Compounding the problem, Obama proposed his stimulus shortly after the Congressional Budget Office predicted deficits topping a trillion dollars. Even before Obama took office, and for months afterward, "everybody who mattered" insisted that the crisis required Obama to scale back the domestic initiatives he campaigned on, especially health care reform, but also cap-and-trade, financial regulation and so on. Colin Powell, a reliable barometer of elite opinion, warned in July of 2009: "I think one of the cautions that has to be given to the president - and I've talked to some of his people about this - is that you can't have so many things on the table that you can't absorb it all. And we can't pay for it all."
Rather than deploy every ounce of his leverage to force moderate Republicans, whose votes he needed, to swallow a larger stimulus than they wanted, Obama clearly husbanded some of his political capital. Why? Because in the position of choosing between the agenda he came into office hoping to enact and the short-term imperative of economic rescue, he picked the former. At the time, this was the course liberals wanted and centrists opposed.
On two subsequent occasions, Obama faced this same choice. Last December, he could have refused to extend any of the Bush tax cuts on income over $250,000. Republicans vowed to let all the tax cuts expire if he did so. If Obama let this happen, it would have almost fully solved the long-term deficit problem, while at the same time setting back the recovery by raising taxes on middle-class and low-income workers. Obama decided to make a deal, extending all the Bush tax cuts and also securing a progressive payroll tax cut and an extension of unemployment benefits, both forms of stimulus that Republicans would never have allowed without an extension of upper-bracket tax cuts in return.

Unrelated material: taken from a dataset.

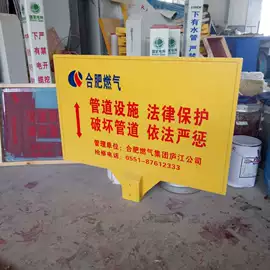 交通安全标识;配电箱;其他安全标识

There is a decent argument that the president should have refused this deal. But if you make that argument, you have to accept the likelihood that nearly a million fewer jobs would have been created and that we would have been at risk of a double-dip recession back then. Yet the liberal critics most exercised about Obama's failure to secure more stimulus were, for the most part, enraged when he did exactly that. Take Robert Reich, the former secretary of labor under President Clinton. Last November, Reich pleaded for an extension of unemployment benefits, calling the plight of the jobless our "single newest and biggest social problem." When Obama made his bargain, Reich called it "an abomination," complaining that "the bits and pieces the president got in return" - including the unemployment benefits previously deemed vital - amounted to "peanuts."
And then, this summer, Obama let the GOP hold the debt-ceiling vote hostage to extract spending cuts. I think he should have called the Republicans' bluff and let them accept the risk of a financial meltdown. But the reason Obama chose to cut a deal is that calling their bluff might have resulted in catastrophe. And Obama made a point of back-loading the GOP's budget cuts so as not to contract the economy. He may have chosen wrongly, but he chose exactly the priorities liberals now insist he ignored - favoring economic recovery over long-term goals.
Liberal critics of Obama, just like conservative critics of Republican presidents, generally want both maximal partisan conflict and maximal legislative achievement. In the real world, those two things are often at odds. Hence the allure of magical thinking.
Jonathan Chait is a senior editor for The New Republic.